De door de wet vereiste procedurestukken worden overlegd, onder meer het op tegenspraak gewezen vonnis van de rechtbank van koophandel te Mechelen d.d. 11 maart 2004, waartegen hoger beroep werd ingesteld door middel van een verzoekschrift neergelegd op 3 september 2004.
Er wordt geen akte van betekening voorgelegd. Het hoger beroep is naar vorm en termijn regelmatig. Het is ontvankelijk.
I. Bij exploot d.d. 2 juni 1998 dagvaardde de NV B. (thans de NV T.) (huidig appellante) de BV N. vennootschap naar Nederlands recht (thans geïntimeerde) in betaling van een provisionele som van EUR 37.577,04 (BEF 1.515.854) meer de intresten vanaf 1 januari 1996 tot op de datum der algehele betaling en meer de kosten van het geding, uit hoofde van een billijke bijkomende vergoeding op grond van art. 3 van de wet van 27 juli 1961 betreffende de eenzijdige beëindiging van de voor onbepaalde tijd verleende concessies van alleenverkoop.
In conclusie neergelegd op 17 december 2001 stelde geïntimeerde een tegenvordering in strekkende tot veroordeling van huidig appellante in betaling van een schadevergoeding wegens tergend en roekeloos geding van EUR 2.478,94 EUR (BEF 100.000).
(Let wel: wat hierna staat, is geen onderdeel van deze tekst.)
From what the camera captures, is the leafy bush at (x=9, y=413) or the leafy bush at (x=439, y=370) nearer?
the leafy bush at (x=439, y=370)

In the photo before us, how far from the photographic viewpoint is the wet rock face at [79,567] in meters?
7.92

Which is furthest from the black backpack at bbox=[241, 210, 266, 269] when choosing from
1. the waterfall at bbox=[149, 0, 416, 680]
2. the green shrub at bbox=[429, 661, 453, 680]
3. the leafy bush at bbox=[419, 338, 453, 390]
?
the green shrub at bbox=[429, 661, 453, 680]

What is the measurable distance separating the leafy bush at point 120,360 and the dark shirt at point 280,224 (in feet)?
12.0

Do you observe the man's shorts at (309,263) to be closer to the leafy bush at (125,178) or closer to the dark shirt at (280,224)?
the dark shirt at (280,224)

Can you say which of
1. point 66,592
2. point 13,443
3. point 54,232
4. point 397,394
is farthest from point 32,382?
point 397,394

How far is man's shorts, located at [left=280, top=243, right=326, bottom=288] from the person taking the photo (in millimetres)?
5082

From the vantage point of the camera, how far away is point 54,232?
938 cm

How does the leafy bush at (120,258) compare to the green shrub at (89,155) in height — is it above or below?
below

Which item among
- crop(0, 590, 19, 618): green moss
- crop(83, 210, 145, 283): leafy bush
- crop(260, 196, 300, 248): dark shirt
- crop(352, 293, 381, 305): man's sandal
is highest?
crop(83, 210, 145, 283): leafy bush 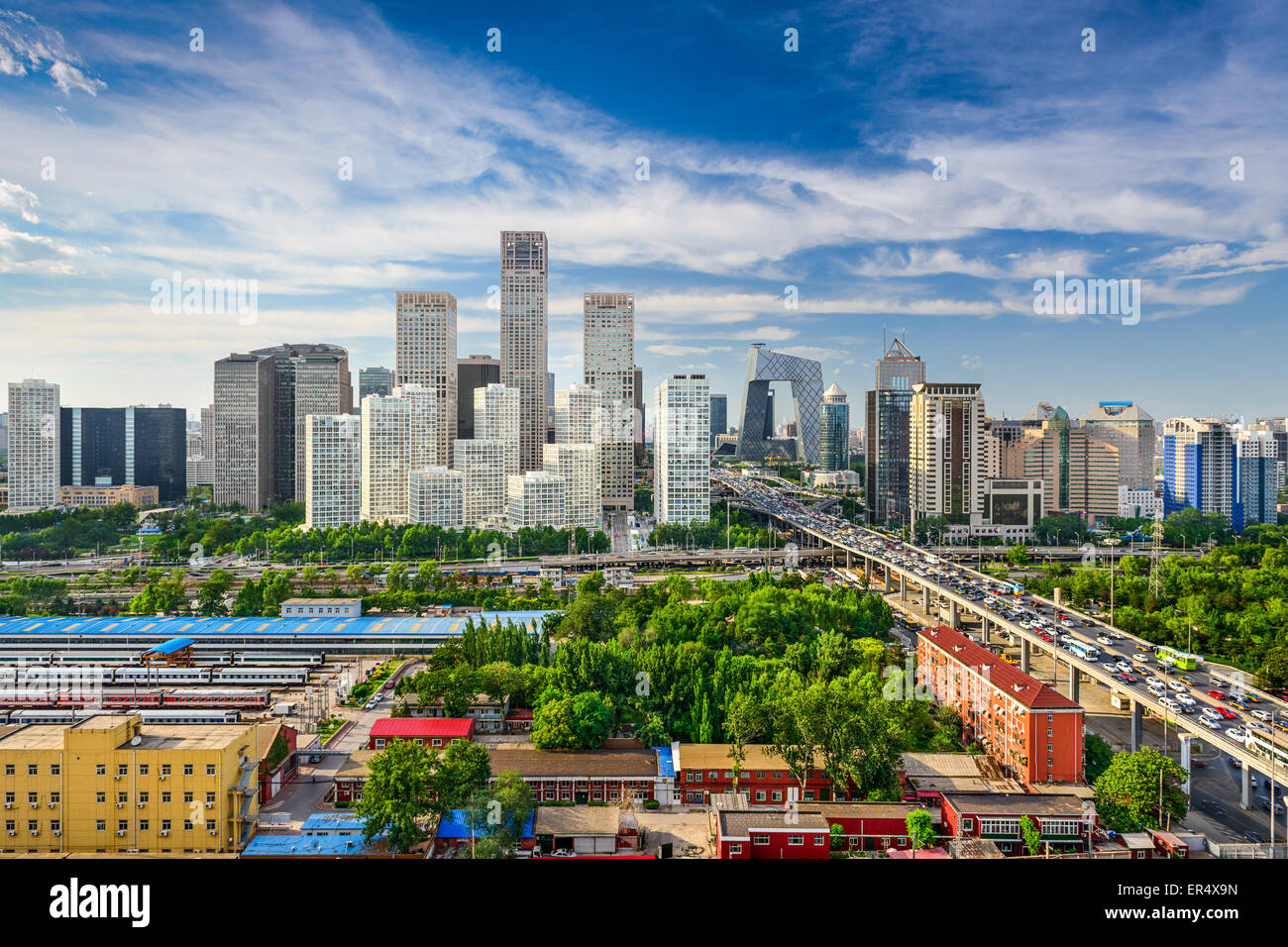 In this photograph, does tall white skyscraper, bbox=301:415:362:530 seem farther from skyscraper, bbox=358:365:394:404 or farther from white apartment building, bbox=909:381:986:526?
white apartment building, bbox=909:381:986:526

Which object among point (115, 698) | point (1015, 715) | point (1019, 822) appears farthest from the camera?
point (115, 698)

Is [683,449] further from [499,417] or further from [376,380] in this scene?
[376,380]

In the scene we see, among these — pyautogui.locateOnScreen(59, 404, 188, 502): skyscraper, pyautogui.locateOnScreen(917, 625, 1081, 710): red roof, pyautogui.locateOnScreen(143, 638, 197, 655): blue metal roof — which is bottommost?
pyautogui.locateOnScreen(143, 638, 197, 655): blue metal roof

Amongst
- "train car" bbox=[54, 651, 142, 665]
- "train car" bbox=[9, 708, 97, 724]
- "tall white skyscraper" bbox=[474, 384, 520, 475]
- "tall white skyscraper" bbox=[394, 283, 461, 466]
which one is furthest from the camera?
"tall white skyscraper" bbox=[394, 283, 461, 466]

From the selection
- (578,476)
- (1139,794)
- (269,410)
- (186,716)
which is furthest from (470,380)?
(1139,794)

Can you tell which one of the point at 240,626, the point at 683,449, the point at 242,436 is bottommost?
the point at 240,626

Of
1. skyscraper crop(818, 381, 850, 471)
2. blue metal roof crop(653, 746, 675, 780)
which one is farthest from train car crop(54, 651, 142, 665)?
skyscraper crop(818, 381, 850, 471) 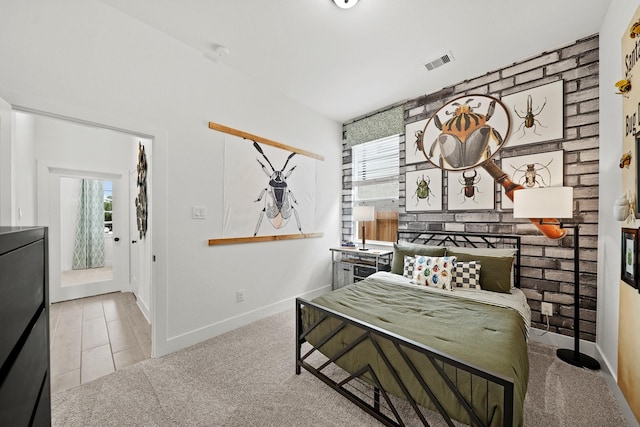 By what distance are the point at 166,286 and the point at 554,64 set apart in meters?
4.25

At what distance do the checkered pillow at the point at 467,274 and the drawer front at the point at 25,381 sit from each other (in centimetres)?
266

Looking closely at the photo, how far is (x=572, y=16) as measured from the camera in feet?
6.66

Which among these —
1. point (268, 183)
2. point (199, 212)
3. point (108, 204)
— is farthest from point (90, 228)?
point (268, 183)

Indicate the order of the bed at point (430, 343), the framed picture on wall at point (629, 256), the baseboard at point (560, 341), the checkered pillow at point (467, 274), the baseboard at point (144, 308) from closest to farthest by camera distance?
1. the bed at point (430, 343)
2. the framed picture on wall at point (629, 256)
3. the baseboard at point (560, 341)
4. the checkered pillow at point (467, 274)
5. the baseboard at point (144, 308)

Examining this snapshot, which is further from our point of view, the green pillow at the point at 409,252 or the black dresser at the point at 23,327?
the green pillow at the point at 409,252

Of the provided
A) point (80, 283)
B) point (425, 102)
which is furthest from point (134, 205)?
point (425, 102)

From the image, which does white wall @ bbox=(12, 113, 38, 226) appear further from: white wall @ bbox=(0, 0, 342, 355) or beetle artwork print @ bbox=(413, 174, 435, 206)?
beetle artwork print @ bbox=(413, 174, 435, 206)

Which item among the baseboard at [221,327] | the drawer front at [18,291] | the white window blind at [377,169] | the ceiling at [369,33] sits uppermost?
the ceiling at [369,33]

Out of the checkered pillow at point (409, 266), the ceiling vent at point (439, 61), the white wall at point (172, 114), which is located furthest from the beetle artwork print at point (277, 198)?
the ceiling vent at point (439, 61)

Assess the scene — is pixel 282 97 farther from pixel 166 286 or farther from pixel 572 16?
pixel 572 16

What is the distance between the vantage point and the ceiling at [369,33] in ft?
6.37

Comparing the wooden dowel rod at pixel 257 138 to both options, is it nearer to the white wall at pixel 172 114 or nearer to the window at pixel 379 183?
the white wall at pixel 172 114

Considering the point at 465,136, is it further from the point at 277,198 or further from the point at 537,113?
the point at 277,198

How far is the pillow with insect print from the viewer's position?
91.6 inches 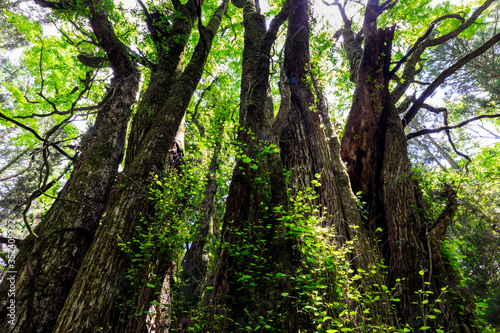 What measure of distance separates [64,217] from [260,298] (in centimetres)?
284

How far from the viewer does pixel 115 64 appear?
508 cm

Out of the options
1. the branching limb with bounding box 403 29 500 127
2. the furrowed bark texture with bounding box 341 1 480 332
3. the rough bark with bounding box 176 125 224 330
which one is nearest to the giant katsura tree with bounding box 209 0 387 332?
the rough bark with bounding box 176 125 224 330

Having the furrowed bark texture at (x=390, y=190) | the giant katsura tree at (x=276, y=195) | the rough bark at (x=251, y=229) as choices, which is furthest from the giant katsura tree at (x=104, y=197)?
the furrowed bark texture at (x=390, y=190)

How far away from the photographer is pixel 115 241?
2.65m

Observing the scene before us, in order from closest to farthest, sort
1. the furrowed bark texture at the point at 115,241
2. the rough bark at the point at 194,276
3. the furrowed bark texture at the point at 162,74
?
the furrowed bark texture at the point at 115,241, the rough bark at the point at 194,276, the furrowed bark texture at the point at 162,74

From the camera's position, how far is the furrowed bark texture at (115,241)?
2.17 metres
II. De feiten en de retroakten kunnen bondig als volgt samengevat worden:
– Op 17 juli 1989 werd tussen de BV P. – de rechtsvoorgangster van de de BV N. – en de NV B. – de rechtsvoorgangster van de NV T. – een overeenkomst gesloten met betrekking tot de productie en de commercialisering van M.-meel. In deze overeenkomst werd bepaald dat de NV B. als enige producent in België M.-meel zou samenstellen en bezorgen. Partijen zijn het niet eens over de juiste kwalificatie van deze overeenkomst. Appellante is van oordeel dat er sprake is van een concessieovereenkomst van alleenverkoop, terwijl geïntimeerde voorhoudt dat het een loutere productieovereenkomst (c.q. licentieovereenkomst) uitmaakt.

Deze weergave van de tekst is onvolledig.